#### Records shown:

####################

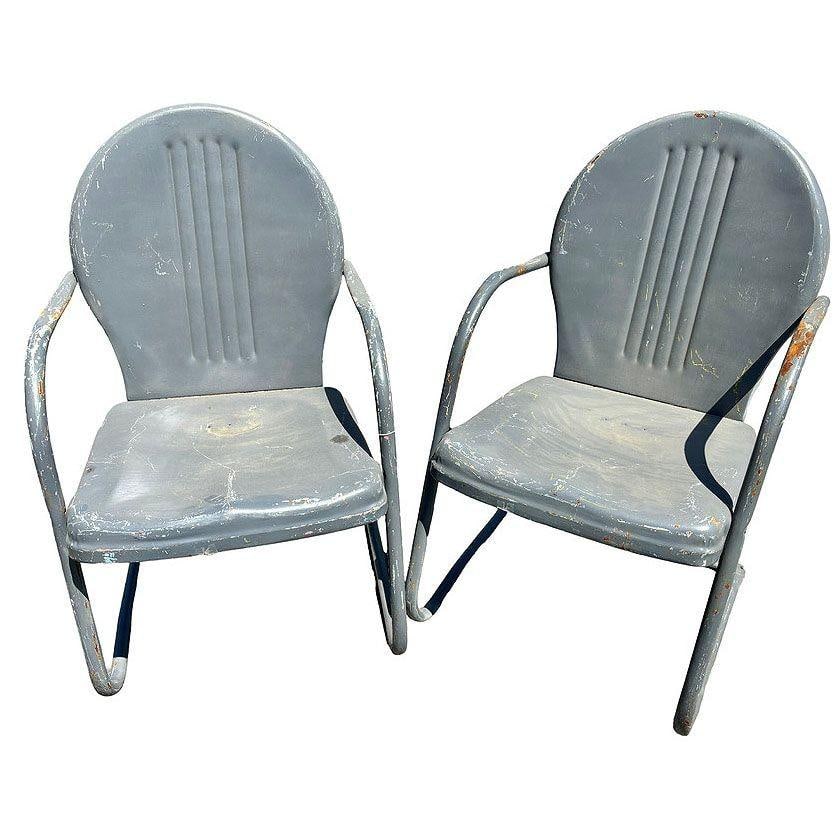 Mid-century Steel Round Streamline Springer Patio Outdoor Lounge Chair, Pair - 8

####################

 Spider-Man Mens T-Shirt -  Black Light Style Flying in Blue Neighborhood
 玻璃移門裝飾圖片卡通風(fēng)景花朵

####################

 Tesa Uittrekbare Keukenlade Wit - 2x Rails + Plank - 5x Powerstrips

####################

#### Problem to solve:
All that is wanted is the stretch of lines above from the one containing "Spider-Man Mens T-Shirt" through the one containing "玻璃移門裝飾圖片卡通風(fēng)景花朵", duplicated exactly.

#### Solution to this exercise:
 Spider-Man Mens T-Shirt -  Black Light Style Flying in Blue Neighborhood
 玻璃移門裝飾圖片卡通風(fēng)景花朵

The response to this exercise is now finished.